Avec un grognement, il se tourna péniblement sur le dos, étendant ses jambes au maximum avec une profonde sensation de bien-être. Bien qu’engourdis parce qu’il savait maintenant être de l’épuisement, ses muscles lui répondaient parfaitement. Il pouvait les sentir jouer sous sa peau alors qu’il les testait un à un. Il se savait amaigri, affaiblit, probablement fortement anémié mais… son corps fonctionnait. Pas assez pour lui permettre de se lever tout de suite, mais il fonctionnait.

Ce qui était profondément réconfortant.

Le sommeil le saisit sur cette pensée, l’emportant sans qu’il ne s’en rende compte, alors même que le soleil poursuivait sa course lente dans le ciel jusqu’à s’y coucher…

 

Shekil respirait.

Shekil respirait profondément.

Assit dans le noir à même le sol, Armand ne parvenait pas à détacher les yeux de la poitrine qui montait et descendait lentement, inquiet de la voir soudainement s’immobiliser. Mais le mouvement continuait sans s’arrêter, tout comme les battements assourdis du coeur de l’humain. Akasha les avait trouvé comme ça lorsqu’elle était sortie de la cave, peu de temps après la fin du crépuscule, et lui n’avait pas bougé depuis. Oh, elle avait bien essayé de lui parler, de le faire au moins s’asseoir dans l’un des fauteuils du salon, mais ç’avait été en vain. Plus immobile que les pierres de l’âtre derrière lui, le Vampire réfléchissait.

Aux marques noires qui marbraient à présent son visage, son cou et ses épaules ; à la panique qui l’avait saisit, à la vue de la gorge béante du chasseur dans ses bras ; à son geste stupide et inconsidéré, à la sensation des lèvres blêmes sur la peau de son poignet, cette minuscule tentative d’esquive qu’avait eut Shekil en le sentant faire… son refus, presque jusqu’au bout, de vivre malgré tout. Assit en tailleur sur le plancher inconfortable du chalet, les yeux fixés sur le mouvement lent et apaisant de la poitrine humaine en train de s’abaisser puis de se lever, il s’émerveillait d’avoir l’esprit aussi clair. Bien plus clair que ces derniers mois, voire que ces derniers siècles. Il mesurait pleine les conséquences de ses actes, et s’avouait avec une sincérité détachée qu’il s’en foutait complètement.

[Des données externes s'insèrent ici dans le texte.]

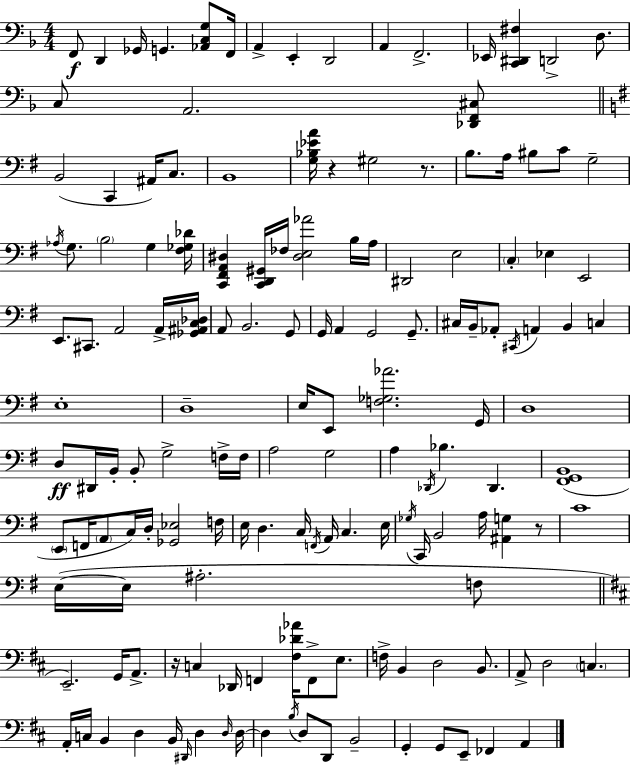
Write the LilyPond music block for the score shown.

{
  \clef bass
  \numericTimeSignature
  \time 4/4
  \key d \minor
  f,8\f d,4 ges,16 g,4. <aes, c g>8 f,16 | a,4-> e,4-. d,2 | a,4 f,2.-> | ees,16 <c, dis, fis>4 d,2-> d8. | \break c8 a,2. <des, f, cis>8 | \bar "||" \break \key g \major b,2( c,4 ais,16) c8. | b,1 | <g bes ees' a'>16 r4 gis2 r8. | b8. a16 bis8 c'8 g2-- | \break \acciaccatura { aes16 } g8. \parenthesize b2 g4 | <fis ges des'>16 <c, fis, a, dis>4 <c, d, gis,>16 fes16 <dis e aes'>2 b16 | a16 dis,2 e2 | \parenthesize c4-. ees4 e,2 | \break e,8. cis,8. a,2 a,16-> | <ges, ais, c des>16 a,8 b,2. g,8 | g,16 a,4 g,2 g,8.-- | cis16 b,16-- aes,8-. \acciaccatura { cis,16 } a,4 b,4 c4 | \break e1-. | d1-- | e16 e,8 <f ges aes'>2. | g,16 d1 | \break d8\ff dis,16 b,16-. b,8-. g2-> | f16-> f16 a2 g2 | a4 \acciaccatura { des,16 } bes4. des,4. | <fis, g, b,>1( | \break \parenthesize e,8 f,16 \parenthesize a,8 c16) d16-. <ges, ees>2 | f16 e16 d4. c16 \acciaccatura { f,16 } a,16 c4. | e16 \acciaccatura { ges16 } c,16 b,2 a16 <ais, g>4 | r8 c'1 | \break e16~(~ e16 ais2.-. | f8 \bar "||" \break \key d \major e,2.--) g,16 a,8.-> | r16 c4 des,16 f,4 <fis des' aes'>16 f,8-> e8. | f16-> b,4 d2 b,8. | a,8-> d2 \parenthesize c4. | \break a,16-. c16 b,4 d4 b,16 \grace { dis,16 } d4 | \grace { d16 } d16~~ d4 \acciaccatura { b16 } d8 d,8 b,2-- | g,4-. g,8 e,8-- fes,4 a,4 | \bar "|."
}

Il y avait plus important.

La sécurité d’Akasha, par exemple, qui s’était compromise pour lui.

Celle de Shekil, évidement, qui n’allait pas vraiment apprécier la tournure que venait de prendre la situation.

La sienne, aussi, face aux meutes qu’allaient certainement lâcher leur communauté à ses trousses.

Après tout, non content de leur dissimuler la capture d’un Aria et les informations qu’il en avait tiré, il l’avait abreuvé de son sang, le transformant potentiellement en quelque chose de plus dangereux encore qu’un Aria classique… pire, il semblait en avoir fait accidentellement son calice.

« Personne ne transforme accidentellement quelqu’un en calice, fils. »

La voix de son Créateur raisonna sous son crâne, lui tirant un sourire.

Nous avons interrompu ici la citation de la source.